The deal would reportedly pay copyright owners for the use of their likeness, and they would have the option to grant Google and UMG permission to license their work for the purpose of AI-driven replication.
The news arrives following Google's release of MusicLM, a powerful generative AI tool allowing users to create music by entering prompts. Considering the company would need to license UMG's music for creators to reproduce its vocals, lyrics and sounds, MusicLM is most likely a linchpin of the deal.
The deal is somewhat of an about-face for UMG, which controls roughly one-third of today's global music market. Back in April, the company urged streaming platforms to block AI platforms from being able to leverage their music catalog when training their large language models.
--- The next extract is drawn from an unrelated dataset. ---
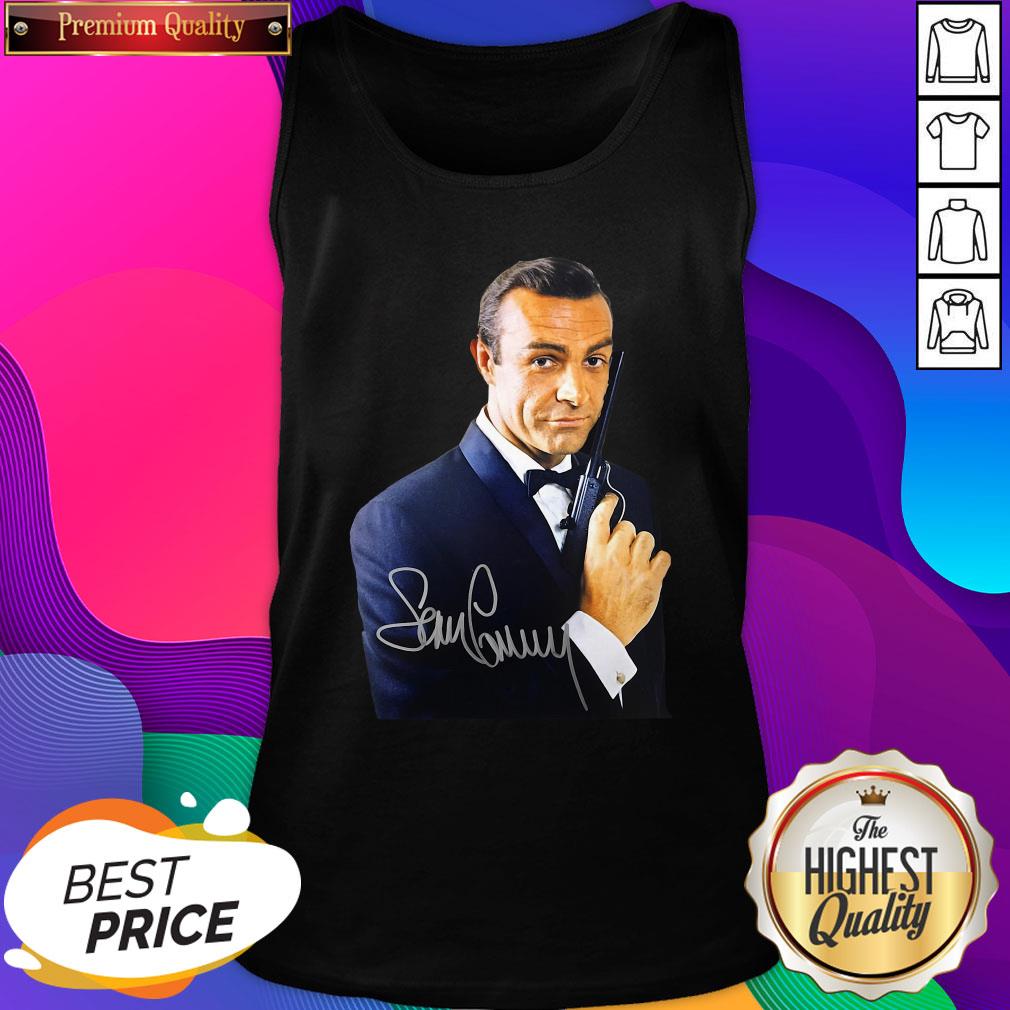 Rip Sean Connery 007 Signatures Shirt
If the two sides ultimately come to an agreement, it could lead to a watershed moment for the controversial nexus of generative AI and music. The scale of the framework would dwarf that of TuneCore, who recently partnered with Grimes to launch a pilot program enabling artists to utilize her deepfaked vocals "without penalty" and distribute the music to streaming platforms for a royalty split.
Meanwhile, Warner Music Group's CEO, Robert Kyncl, reportedly condemned the proliferation of deepfake technology in the company's Q3 conference earnings call this week. He said he believes artists should be the ones deciding whether or not their likenesses may be used to create music.
"There’s nothing more precious to an artist than their voice," Kyncl said, "and protecting their voice is protecting their livelihood and protecting their persona."